What is the running time complexity of this algorithm? And HOW do you do the analysis for it?

Question

-- The following lowestCommonAncestor function finds the Lowest Common Ancestor of two nodes, p and q , in a Binary Tree (assuming both nodes exist and all node values are unique).

class Solution {
public:

    bool inBranch(TreeNode* root, TreeNode* node)
    {
        if (root == NULL)
            return false;

        if (root->val == node->val)
            return true;

        return (inBranch(root->left, node) || inBranch (root->right, node));
    }

    TreeNode* lowestCommonAncestor(TreeNode* root, TreeNode* p, TreeNode* q) {

        if (root == NULL)
            return NULL;

        if (root->val == p->val || root->val == q->val)
            return root;

        bool pInLeftBranch = false;
        bool qInLeftBranch = false;

        pInLeftBranch = inBranch (root->left, p);
        qInLeftBranch = inBranch (root->left, q);

        //Both nodes are on the left
        if (pInLeftBranch && qInLeftBranch)
            return lowestCommonAncestor(root->left, p, q);
        //Both nodes are on the right
        else if (!pInLeftBranch && !qInLeftBranch)
            return lowestCommonAncestor(root->right, p, q);
        else 
            return root;

    }
};

Answer 1

Every time you call inBranch(root, node) , you are adding O(# of descendents of root ) (See time complexity of Binary Tree Search ). I will assume the binary tree is balanced for the first calculation of time complexity, then look at the worst case scenario that the tree is unbalanced.

Scenario 1: Balanced Tree

The number of descendants of a node will be roughly half that of its parent. Therefore, each time we recurse, the calls to inBranch will be half as expensive. Let's say N is the total number of nodes in the tree. In the first call to lowestCommonAncestor , we search all N nodes. In subsequent calls we search the left or right half and so on.
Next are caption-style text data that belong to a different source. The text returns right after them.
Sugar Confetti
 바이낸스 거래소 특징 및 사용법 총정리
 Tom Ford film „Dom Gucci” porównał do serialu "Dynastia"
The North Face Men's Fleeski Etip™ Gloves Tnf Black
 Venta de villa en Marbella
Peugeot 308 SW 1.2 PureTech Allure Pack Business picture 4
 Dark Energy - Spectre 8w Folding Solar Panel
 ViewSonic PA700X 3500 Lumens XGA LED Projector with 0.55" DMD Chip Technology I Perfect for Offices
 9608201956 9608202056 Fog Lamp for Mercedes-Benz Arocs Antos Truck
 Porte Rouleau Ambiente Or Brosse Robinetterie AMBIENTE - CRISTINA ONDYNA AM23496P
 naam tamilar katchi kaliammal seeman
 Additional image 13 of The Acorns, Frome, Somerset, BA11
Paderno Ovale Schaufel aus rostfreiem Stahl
O(N + N/2 + N/4 ...) is still the same as O(N) .

Scenario 2: Unbalanced Tree

Say this tree is very unbalanced in such a way that all children are on the left side:

     A
    /
   B
  /
 C
/
etc...

The number of descendants decreases by only 1 for each level of recursion. Therefore, our time complexity looks something like:

O(N + (N-1) + (N-2) + ... + 2 + 1) which is equivalent to O(N^2) .

Is there a better way?

If this is a Binary Search Tree, we can do as well as O(path_length(p) + path_length(q)). If not, you will always need to traverse the entire tree at least once: O(N) to find the paths to each node, but you can still improve your worst case scenario. I'll leave it to you to figure out the actual algorithm!

Answer 2

In the worst case the binary tree is a list of length N where each node has at most one child while p and q are the same leaf node. In that case you will have a running time of O(N^2) : You call inBranch (runtime O(N) ) on each node on the way down the tree.

If the binary tree is balanced, this becomes O(N log(N)) with N nodes as you can fit O(2^K) nodes into a tree of depth K (and recurse at most K times): Finding each node is O(N) , but you only do it a maximum of log(N) times. Check Ben Jones' answer!

Note that a much better algorithm would locate each node once and store a list of the paths down the tree, then compare the paths. Finding each node in the tree (if it is unsorted) is necessarily worst case O(N) , the list comparison is also O(N) (unbalanced case) or O(log(N)) (balanced case) so total running time is O(N) . You could do even better on a sorted tree, but that's apparently not a given here.